As union flags drape over public buildings and smirking politicians and celebrities alike promote Olympic fervour, a number of recent events have highlighted the stark inequalities that exist in Britain today.

In June, a 48-year-old man tied himself to the railings of a Jobcentre, doused himself in flammable liquid and set himself ablaze. (See Guardian, 29 June 2012)

This desperate act reveals, in the most brutal of terms, that poverty in Britain is not only material deprivation, in which sky scrapers are erected and social housing bulldozed, but a multi-dimensional assault – physical and psychological – on working-class people.

Indeed, research published last month by the Centre for the Modern Family showed that one in five British families are ‘living on the edge’. (See Independent, 26 June 2012)

As retail food prices have increased by 25 percent since 2008, and the price of child care and average household bills have sky-rocketed, so too have levels of stress and mental ill health. (See Economist, 23 June 2012)

This reality is worse still in the north of England, Wales and Scotland. And, throughout the country, young people are bearing the brunt of British austerity.

Since last year’s youth uprisings, dubbed criminal rioting by bourgeois commentators, no serious attempt to tackle youth poverty has occurred. In fact, changes to benefit entitlement have pushed thousands more into deprivation; implanting feelings of failure, shame and psychological distress upon an entire generation of young people. (See BBC News Online, 11 October 2011)

It is only logical, therefore, that – with a diminutive job market, an education system that is being progressively commodified, and a vanishing NHS – class antagonisms will intensify and uprisings may become as much a part of the British summertime as corporate-sponsored sporting events.

From the student activist to the unemployed youth, in the classroom and in the street, young people are awakening to discover that our political and economic system is not designed to help realise their potential but only to exploit the labour of some and utterly discard the rest.

They are also discovering that our system is designed to enrich a tiny handful of financiers.
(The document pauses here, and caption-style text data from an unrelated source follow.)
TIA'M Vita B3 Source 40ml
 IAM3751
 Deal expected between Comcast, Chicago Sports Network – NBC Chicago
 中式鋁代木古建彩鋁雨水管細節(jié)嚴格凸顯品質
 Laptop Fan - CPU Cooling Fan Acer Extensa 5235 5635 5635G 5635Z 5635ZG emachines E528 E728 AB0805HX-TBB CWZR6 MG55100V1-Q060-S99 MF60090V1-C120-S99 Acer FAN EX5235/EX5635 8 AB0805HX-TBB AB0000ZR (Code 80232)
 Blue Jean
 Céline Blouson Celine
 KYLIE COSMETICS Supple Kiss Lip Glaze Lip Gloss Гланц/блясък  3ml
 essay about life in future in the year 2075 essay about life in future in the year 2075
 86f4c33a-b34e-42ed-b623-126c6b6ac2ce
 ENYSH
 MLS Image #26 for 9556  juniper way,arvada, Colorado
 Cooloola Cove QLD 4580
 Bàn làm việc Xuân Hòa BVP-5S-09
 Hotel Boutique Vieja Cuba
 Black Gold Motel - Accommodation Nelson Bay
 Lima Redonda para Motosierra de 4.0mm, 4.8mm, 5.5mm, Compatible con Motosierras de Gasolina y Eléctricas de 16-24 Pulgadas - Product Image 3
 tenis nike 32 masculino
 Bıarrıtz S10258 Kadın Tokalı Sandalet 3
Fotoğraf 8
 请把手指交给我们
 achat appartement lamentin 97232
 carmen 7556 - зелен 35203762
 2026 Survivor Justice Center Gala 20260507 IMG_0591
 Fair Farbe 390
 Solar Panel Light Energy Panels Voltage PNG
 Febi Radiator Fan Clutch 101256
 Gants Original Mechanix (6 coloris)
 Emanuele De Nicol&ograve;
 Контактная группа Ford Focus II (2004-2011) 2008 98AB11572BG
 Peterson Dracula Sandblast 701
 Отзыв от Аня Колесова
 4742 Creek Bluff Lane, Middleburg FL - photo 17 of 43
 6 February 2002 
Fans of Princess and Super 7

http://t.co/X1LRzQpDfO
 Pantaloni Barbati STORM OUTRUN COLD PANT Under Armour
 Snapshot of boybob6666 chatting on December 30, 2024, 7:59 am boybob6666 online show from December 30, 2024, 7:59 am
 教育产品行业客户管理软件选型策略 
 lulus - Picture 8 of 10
It was revealed this month that the super-rich have between $21tr and $32tr stashed away in tax havens. (See cnn.com, 25 July 2012)

This is not a charge from radical opponents of capitalism, but the findings of bourgeois investigation. Nor are these the dealings of shadowy businesses but the recognised and admitted practice of the world’s largest financial institutions. It is an astonishing figure, greater than the GDP of any imperialist nation, and it is the kind of wealth that could eradicate poverty for vast swathes of humanity.

There could not be a clearer example of how income disparity and material and psychological deprivation is becoming more acute in modern Britain. As welfare safety nets disappear, and government oppression increases, we should not only expect greater incidence of civil unrest but prepare to inject it with ideological direction.

Communists must seek to build and lead popular mass movements for real change; for a mere change of government will not suffice. Only an entirely new system can offer our youth a positive future.